The Two Sides of Rural Electrification

Jason Arquette
Professor Hirsh
Blog 8g
October 5th, 2017

As accounted for in Clayton Brown’s essay “North Carolina Rural Electrification”, the traditional narrative of electricity’s spread to the rural areas of America starts with the Rural Electrification Act of 1936. Initiated as a part of President Roosevelt’s New Deal in the wake of the Great Depression, the act was two fold: the project would bring jobs to the nation while simultaneously improving the standard of living for regions of America where only close to 10% of homes were electrified. From this perspective it was a rural electrification was a project that only produced winning sides. Obviously against the backdrop of the Great Depression more jobs meant a steadily improving economy and since electricity was treated as a symbol of modernity and technological advancement, offering it to rural areas would ‘even the playing field’ so to speak by catching rural life up with urban life.
However, the article “Resisting Development, Reinventing Modernity” by Ronald Kline tells a different story. The traditional narrative does not take into account that the work of the Rural Electrification Administration was essentially forced upon tenants of these areas. Before electricity there were other so-called ‘urban technologies’ that farmers often hesitated to adopt such as the telephone and automobile; and electricity faced resistance for the same reasons that these two inventions did.
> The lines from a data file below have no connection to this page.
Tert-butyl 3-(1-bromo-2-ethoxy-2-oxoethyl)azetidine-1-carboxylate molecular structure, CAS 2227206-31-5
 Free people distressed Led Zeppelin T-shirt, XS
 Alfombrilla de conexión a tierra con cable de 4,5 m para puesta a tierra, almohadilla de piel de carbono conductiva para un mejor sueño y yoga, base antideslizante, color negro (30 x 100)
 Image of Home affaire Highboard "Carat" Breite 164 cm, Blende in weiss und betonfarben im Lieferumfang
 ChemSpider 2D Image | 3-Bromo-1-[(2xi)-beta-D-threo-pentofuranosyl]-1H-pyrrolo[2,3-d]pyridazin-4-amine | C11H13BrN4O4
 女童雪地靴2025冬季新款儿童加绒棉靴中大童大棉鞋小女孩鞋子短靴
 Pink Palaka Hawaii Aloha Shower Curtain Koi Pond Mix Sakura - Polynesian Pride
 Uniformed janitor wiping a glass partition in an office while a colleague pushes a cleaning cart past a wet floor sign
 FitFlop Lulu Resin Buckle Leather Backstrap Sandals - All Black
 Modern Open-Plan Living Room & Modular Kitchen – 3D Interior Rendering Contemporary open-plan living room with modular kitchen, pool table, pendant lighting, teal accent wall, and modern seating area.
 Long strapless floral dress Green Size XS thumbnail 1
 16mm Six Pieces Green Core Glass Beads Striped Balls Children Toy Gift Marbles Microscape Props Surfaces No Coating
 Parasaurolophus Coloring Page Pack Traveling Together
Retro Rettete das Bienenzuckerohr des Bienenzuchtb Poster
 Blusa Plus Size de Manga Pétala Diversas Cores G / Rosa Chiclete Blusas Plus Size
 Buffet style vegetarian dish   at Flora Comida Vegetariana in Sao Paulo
Although urban cultures found ready uses for technology, to an extent electricity was a technology that farmers had to find a use for rather than it feeling a preexisting need. However, unlike the telephone and automobile, thanks to the R.E.A electricity was forced upon farmers and this initiated resistance.
Ultimately these voices of resistance were too quiet to drown out the outcry of success created by the R.E.A. However, taking both of these articles into account has helped me to understand that the label of ‘traditional narrative’ does not make facts impermeable to new information or perspectives. So although resistance was an act by the minority group of rural citizens, this information allows historians to understand that the success of the R.E.A was not as complete as history believes it to be.

Word Count: 341

Works Cited:
Brown, Clayton. “North Carolina Rural Electrification: Precedent of the REA.” North Carolina Historical Review 59, no. 2 (April 1982): 109-24. Accessed October 5, 2017.
Kline, Ronald. “Resisting Development, Reinventing Modernity.” Enviornmental Values 11, no. 3 (August 2002): 327-44. Accessed October 5, 2017.